This September 2008 accident report is provided by the National Transportation Safety Board. Published as an educational tool, it is intended to help pilots learn from the misfortunes of others.
Aircraft: Sadler Vampire. Injuries: 1 Minor. Location: Findlay, Ohio. Aircraft damage: Substantial.
What reportedly happened: The experimental amateur-built airplane was a prototype for Light Sport Aircraft certification. The accident happened during a flight test, which was being done at the request of the engine manufacturer. The test pilot had not received flight instruction or a checkout in the airplane. He also had no training or experience in aircraft flight testing. Prior to the accident flight, he performed two taxi tests during which he performed short hops on the runway to get familiar with the aerodynamic forces that would be encountered during takeoff and landing.

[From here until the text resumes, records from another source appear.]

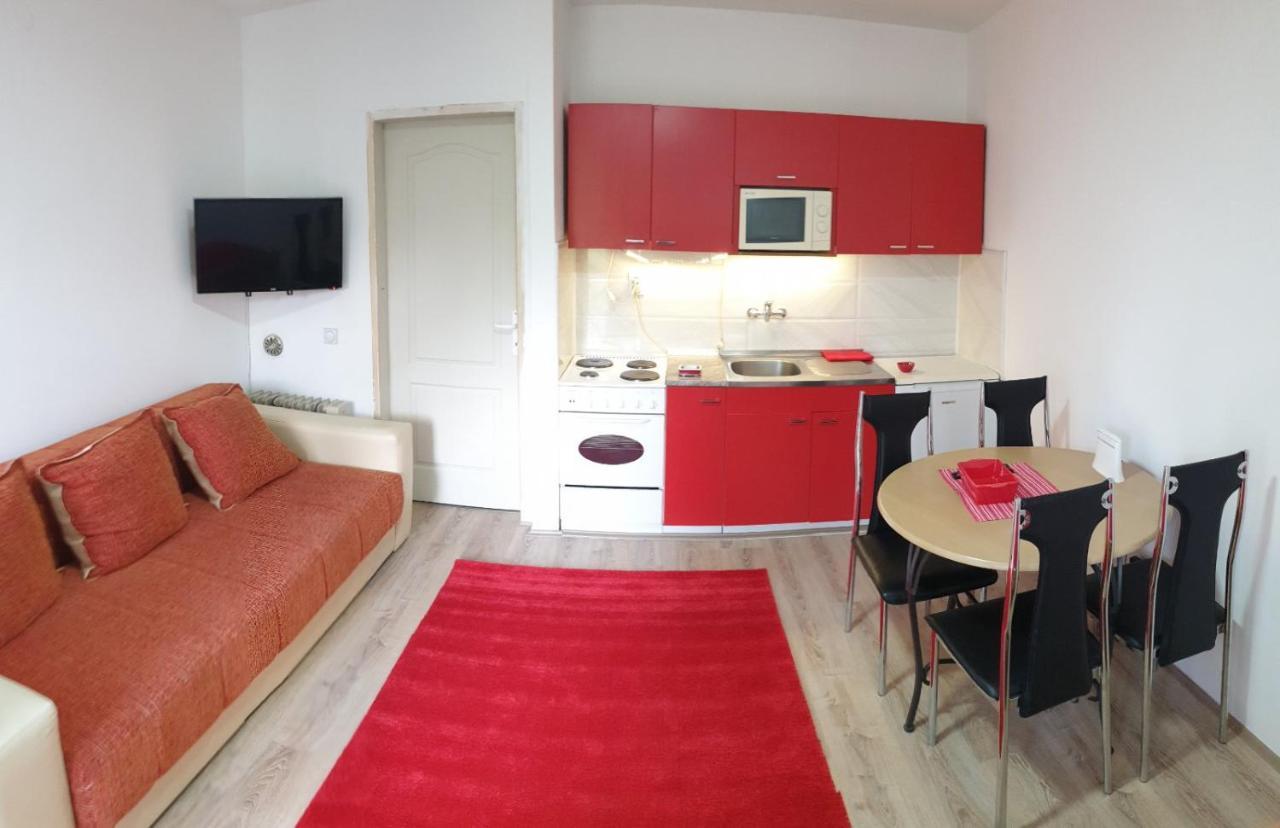 Apartman 4 - Studio Janja Soko Banja Exterior foto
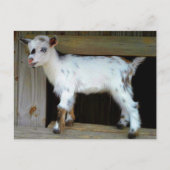 Kleurrijke Nigeriaanse dwerggeit met blauwe ogen Briefkaart (Voorkant)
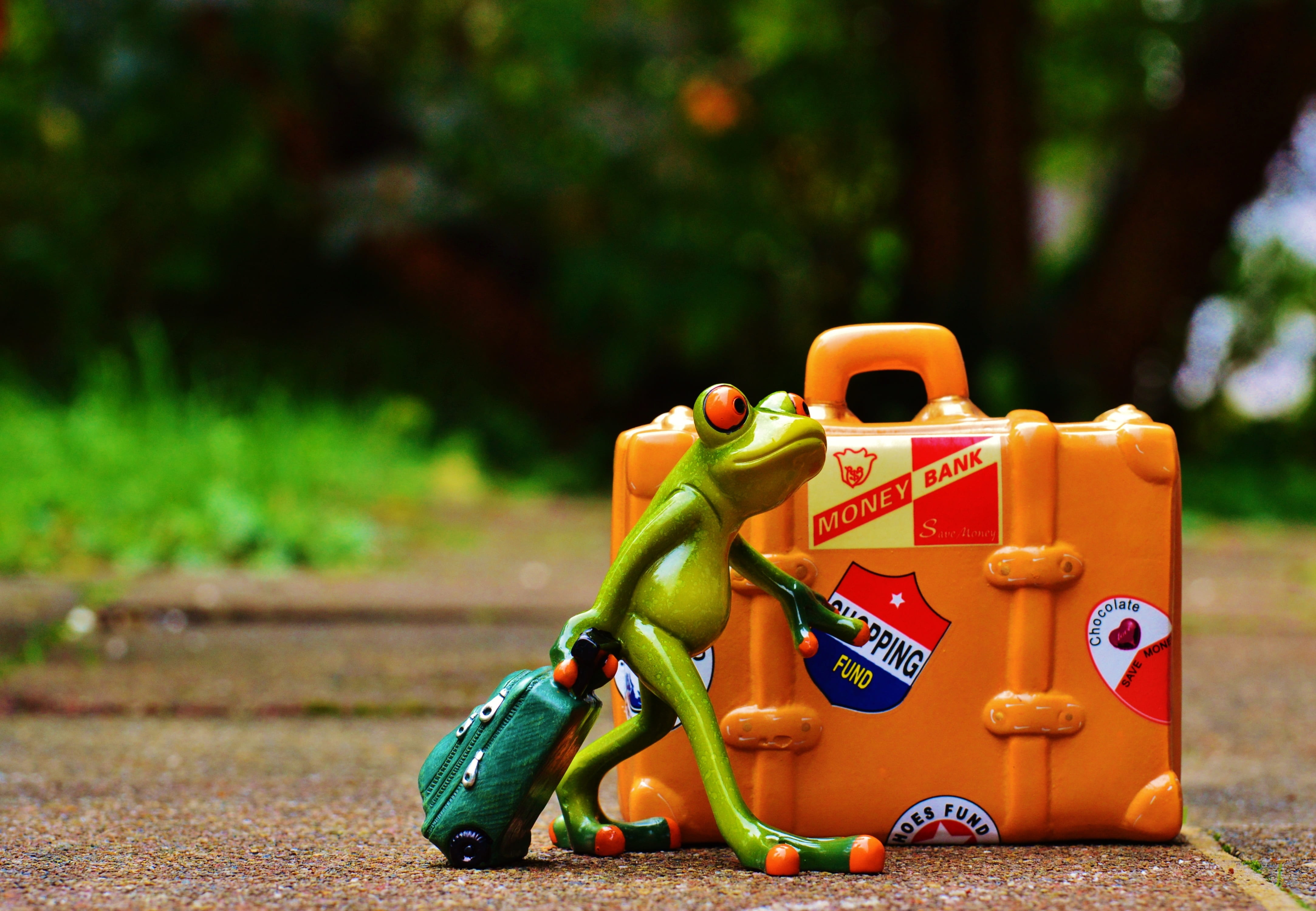 animal, funny, focus on foreground, plant, cute, outdoors, fun, holdall, variation, absence, figure, sunlight, multi colored, trolley, luggage, go away, HD Wallpaper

The engine temperature was reported as normal during this time. The pilot then attempted a takeoff for a flight that was to remain in the airport traffic pattern. Just after takeoff the plane lost all engine power. The pilot attempted an engine restart without success. He executed a forced landing into a quarry located about half a mile from the departure end of the runway.
An examination of the reduction drive assembly needle roller bearing sidewall revealed a combination of wear and high temperatures leading to over-stress. Wear marks on the separated cage sidewall and the presence of metallic debris suggested impingement of the rollers on the sidewall during engine operation. Heat tinting of the outer raceway in the vicinity of the failed sidewall and the cam that served as the inner raceway was also noted. The needle bearing malfunction could be attributed to misalignment of the needle bearing and insufficient lubrication.
Probable cause: A total loss of engine power due to the failure of the reduction drive assembly as a result of excessive wear and high temperatures. The pilot’s lack of total experience in the airplane and the unsuitable terrain for a forced landing were factors.